China’s Inefficiency and Fosun bucks downtrend
  • January 17, 2023
  • Team Hongkong Journalist
  • 0

KEY POINTS:

  • China’s economy was at a slower pace last quarter as a result of a surge in Covid risks in December, causing disrupted activity and affecting the authorities’ removed mobility curbs.
  • The Hang Seng Index had railed up to 48% from its low on October 31 parking its technical buy-sell indicator in an overbought zone.

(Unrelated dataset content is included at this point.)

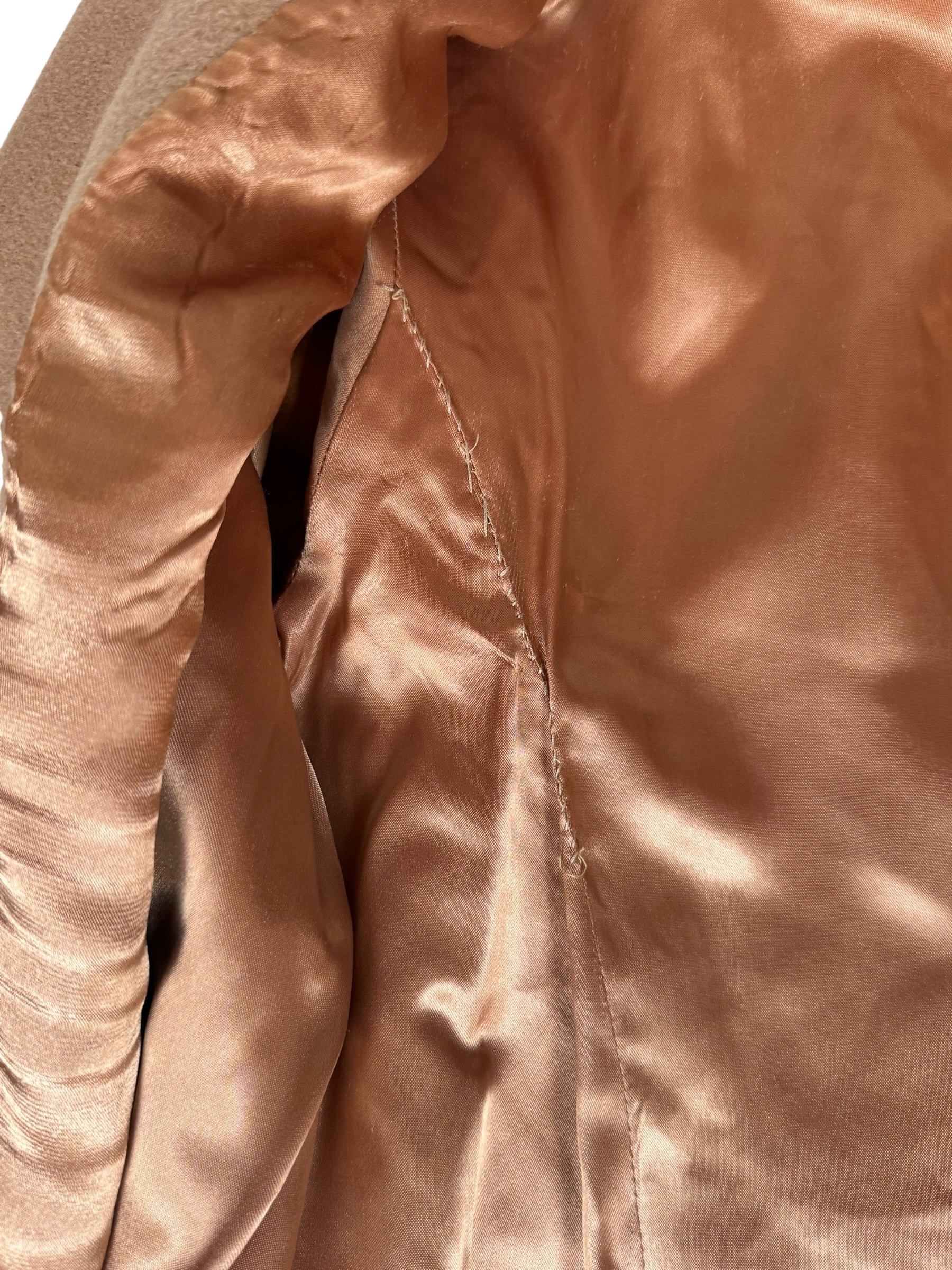Liner repair at right arm 1970s Camel Coat S-M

According to new reports, Hong Kong’s economy is in trouble with a 6 month high risk factor. It has been declared that China’s economic position is terrible after the COVID impact and infections that spread out in December. The market became overheated, and China has informed its investors about cutting out their holdings.

Yesterday, Hang Seng was reported to touch 21818. Sixty-five points dropped by 1% during the local noon trading break, bringing it down to 21,527. 39. It affected the shares of the Tech Index, which lost 0.6%, and Shanghai Composite Index which sank by 0.3%.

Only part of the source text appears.